Ein Unrecht rechtfertigt nicht - ein Anderes.

... 24. April 1993: Anschlag der IRA in der Innenstadt von London ...
Die älteren unter uns erinnern sich noch an die Bilder aus Nordirland in den sechziger, siebziger, achziger und neunziger Jahren. Der Terror der IRA ("Irisch Republikanische Armee") war in Europa beispiellos, das Leid unter der Zivilbevölkerung kaum mehr zu ertragen. Der Konflikt in und um Nordirland hat zwischen 1969 und 1998 über 3 500 Todesopfer gefordert, von denen mehr als die Hälfte Zivilisten waren. Fast 3.300 der Opfer starben innerhalb Nordirlands.
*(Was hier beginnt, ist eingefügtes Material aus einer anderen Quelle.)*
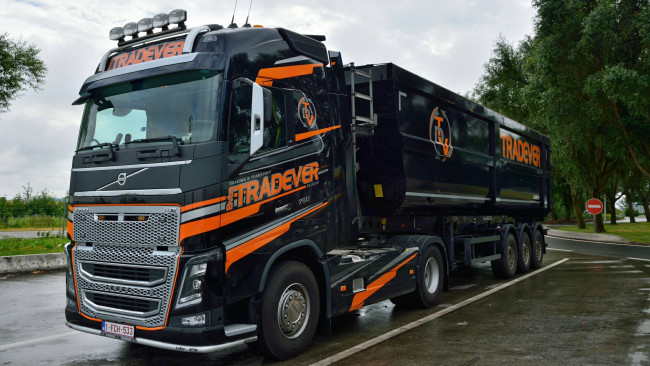 Обои картинки фото volvo, автомобили, volvo trucks, швеция, грузовые, легковые, aktiebolaget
Der Grund für den Nordirlandkonflikt war zu Beginn die Ansiedlung von protestantischen Schottinnen und Engländerinnen in Irland (Plantation of Ulster) und die daraus entstehende Diskriminierung der katholischen, irischen Bevölkerung.
Es sind – letztlich - die immer gleichen Konflikte um religiösen Glauben – und noch viel mehr, um Lebensraum.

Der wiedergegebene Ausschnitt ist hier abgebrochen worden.